### What you need to do
Somewhere below, one line contains "Мозаика Alcantara Ruggine" and a later line contains "Öğretmen Kadrolarına Atanacaklara". Output those two lines and everything between them exactly, and nothing else.

### Working data
☆ ☆ ☆

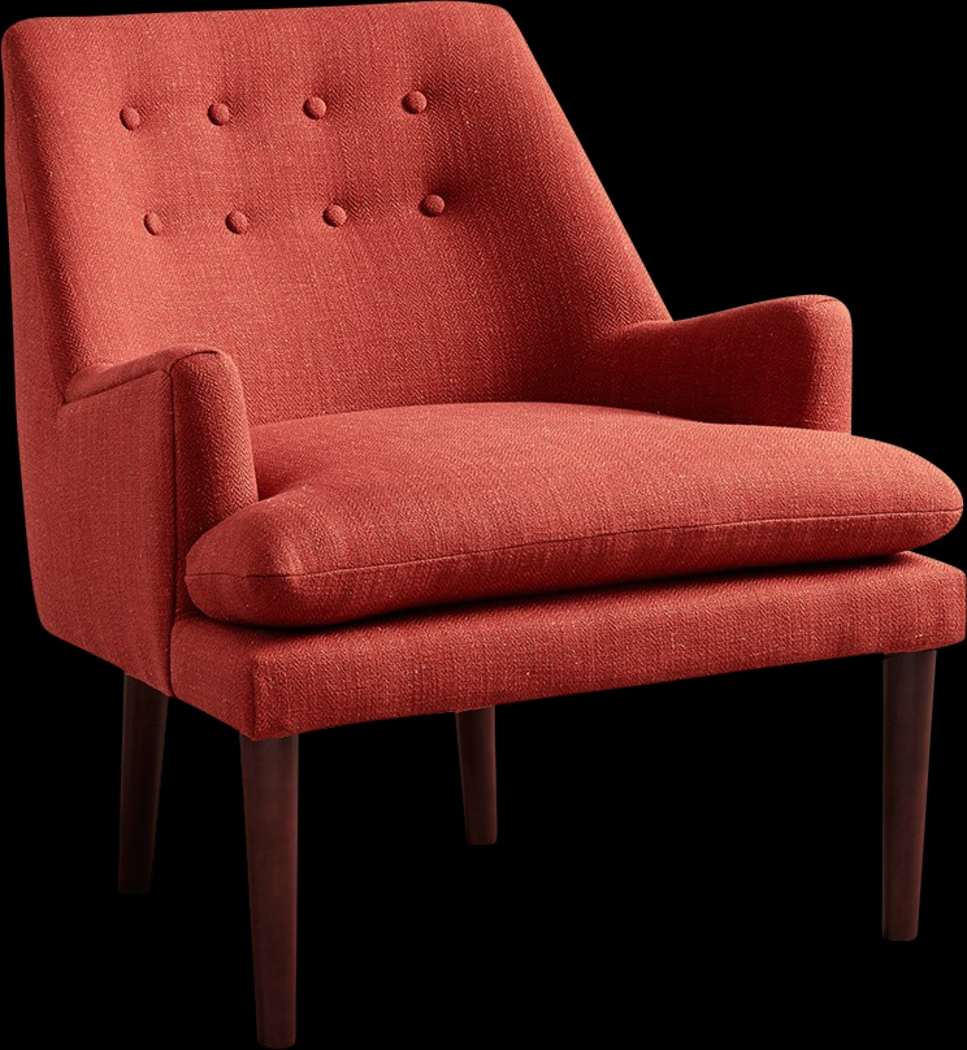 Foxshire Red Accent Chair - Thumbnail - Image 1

☆ ☆ ☆

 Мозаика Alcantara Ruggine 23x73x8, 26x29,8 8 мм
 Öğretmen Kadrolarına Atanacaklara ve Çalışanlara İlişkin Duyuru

☆ ☆ ☆

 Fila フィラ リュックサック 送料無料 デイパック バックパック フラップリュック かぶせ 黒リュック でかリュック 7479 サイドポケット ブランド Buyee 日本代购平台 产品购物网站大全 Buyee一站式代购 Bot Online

☆ ☆ ☆

### Task result
 Мозаика Alcantara Ruggine 23x73x8, 26x29,8 8 мм
 Öğretmen Kadrolarına Atanacaklara ve Çalışanlara İlişkin Duyuru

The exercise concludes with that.